In the file abrecovery.paup.1.phylodiv you would see something like:

numSampled C   A   B   
1  0.3053  0.4170  0.0921  
74 0.0240  0.0248  0.0325  
84 NA  0.0244  0.0295  


The sampledepth parameter allows you to enter the number of sequences you want to sample.

mothur > phylo.diversity(tree=abrecovery.paup.nj, group=abrecovery.groups, sampledepth=50)

numSampled A   B   C
1  0.2298  0.1765  0.2469
50 1.6520  2.1287  1.5145


The processors parameter allows you to use multiple processors to reduce processing time. Default processors=Autodetect number of available processors and use all available. You can use 2 processors with the following option:

mothur > phylo.diversity(tree=abrecovery.paup.nj, group=abrecovery.groups, processors=2)
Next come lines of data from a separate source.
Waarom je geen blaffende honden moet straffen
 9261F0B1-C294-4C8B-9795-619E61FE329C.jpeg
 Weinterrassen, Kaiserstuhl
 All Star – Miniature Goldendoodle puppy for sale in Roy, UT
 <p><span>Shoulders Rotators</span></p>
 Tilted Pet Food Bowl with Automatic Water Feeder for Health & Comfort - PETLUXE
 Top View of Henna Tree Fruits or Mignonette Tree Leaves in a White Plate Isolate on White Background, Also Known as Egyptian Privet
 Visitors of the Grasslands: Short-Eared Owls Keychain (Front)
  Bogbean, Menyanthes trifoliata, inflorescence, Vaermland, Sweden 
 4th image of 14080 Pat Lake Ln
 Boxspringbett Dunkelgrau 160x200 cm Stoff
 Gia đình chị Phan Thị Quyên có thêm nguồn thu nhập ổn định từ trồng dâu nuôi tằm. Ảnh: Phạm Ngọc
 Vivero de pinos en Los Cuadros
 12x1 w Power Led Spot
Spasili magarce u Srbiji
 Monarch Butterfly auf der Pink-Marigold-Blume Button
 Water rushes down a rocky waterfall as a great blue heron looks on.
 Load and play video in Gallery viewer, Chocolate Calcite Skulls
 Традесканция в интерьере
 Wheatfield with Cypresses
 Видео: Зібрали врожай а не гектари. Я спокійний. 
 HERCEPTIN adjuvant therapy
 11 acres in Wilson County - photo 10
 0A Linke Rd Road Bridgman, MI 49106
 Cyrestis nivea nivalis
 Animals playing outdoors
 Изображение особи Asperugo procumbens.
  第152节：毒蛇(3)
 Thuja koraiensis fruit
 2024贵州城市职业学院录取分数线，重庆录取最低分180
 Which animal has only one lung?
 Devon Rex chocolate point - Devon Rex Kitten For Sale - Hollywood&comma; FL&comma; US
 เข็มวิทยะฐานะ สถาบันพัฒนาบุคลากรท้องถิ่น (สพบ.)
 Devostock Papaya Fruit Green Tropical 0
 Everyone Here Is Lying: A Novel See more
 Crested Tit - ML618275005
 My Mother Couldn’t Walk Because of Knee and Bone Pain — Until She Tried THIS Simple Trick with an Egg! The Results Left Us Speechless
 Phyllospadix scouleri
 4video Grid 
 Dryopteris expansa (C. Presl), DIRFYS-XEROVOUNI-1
Running this command on my laptop doesn’t exactly cut the time in half, but it’s pretty close. There is no software limit on the number of processors that you can use.


  • 1.28.0 Added count parameter
  • 1.31.0 Added multiple processors for Windows.
  • 1.36.0 Adds sampledepth parameter. -
  • 1.40.0 Rewrite of threaded code. Default processors=Autodetect number of available processors and use all available.